### TASK ITEM
Pick out the lines below that include the string "with".

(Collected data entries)
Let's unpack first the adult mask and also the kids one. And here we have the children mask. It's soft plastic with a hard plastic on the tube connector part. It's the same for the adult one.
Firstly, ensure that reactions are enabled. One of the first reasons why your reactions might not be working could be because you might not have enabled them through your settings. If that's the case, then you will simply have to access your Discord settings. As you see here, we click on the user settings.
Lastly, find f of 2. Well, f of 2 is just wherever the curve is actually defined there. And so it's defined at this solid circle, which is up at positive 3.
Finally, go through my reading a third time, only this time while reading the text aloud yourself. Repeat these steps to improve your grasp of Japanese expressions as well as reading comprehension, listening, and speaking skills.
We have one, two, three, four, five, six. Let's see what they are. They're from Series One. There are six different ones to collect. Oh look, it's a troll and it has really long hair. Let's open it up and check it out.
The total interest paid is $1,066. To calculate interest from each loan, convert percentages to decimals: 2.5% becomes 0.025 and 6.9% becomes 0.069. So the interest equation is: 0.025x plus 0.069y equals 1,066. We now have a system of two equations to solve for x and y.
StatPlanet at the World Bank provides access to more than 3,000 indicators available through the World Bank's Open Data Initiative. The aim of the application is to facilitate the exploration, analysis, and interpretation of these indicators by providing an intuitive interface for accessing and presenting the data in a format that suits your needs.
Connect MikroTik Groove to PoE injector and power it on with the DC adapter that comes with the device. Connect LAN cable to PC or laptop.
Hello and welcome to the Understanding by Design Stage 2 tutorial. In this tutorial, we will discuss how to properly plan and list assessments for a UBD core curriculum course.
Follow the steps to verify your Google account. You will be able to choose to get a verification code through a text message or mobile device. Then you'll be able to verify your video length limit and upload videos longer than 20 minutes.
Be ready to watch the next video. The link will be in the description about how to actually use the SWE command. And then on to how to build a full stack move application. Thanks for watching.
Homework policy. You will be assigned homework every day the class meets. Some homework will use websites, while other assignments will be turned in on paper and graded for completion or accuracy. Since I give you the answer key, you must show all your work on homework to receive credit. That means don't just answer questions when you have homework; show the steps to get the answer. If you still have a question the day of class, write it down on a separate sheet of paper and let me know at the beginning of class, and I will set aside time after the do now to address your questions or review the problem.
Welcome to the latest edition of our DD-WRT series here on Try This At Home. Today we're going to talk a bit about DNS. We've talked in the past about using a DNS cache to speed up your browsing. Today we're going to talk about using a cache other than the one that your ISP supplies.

### RESULT
Let's unpack first the adult mask and also the kids one. And here we have the children mask. It's soft plastic with a hard plastic on the tube connector part. It's the same for the adult one.
Connect MikroTik Groove to PoE injector and power it on with the DC adapter that comes with the device. Connect LAN cable to PC or laptop.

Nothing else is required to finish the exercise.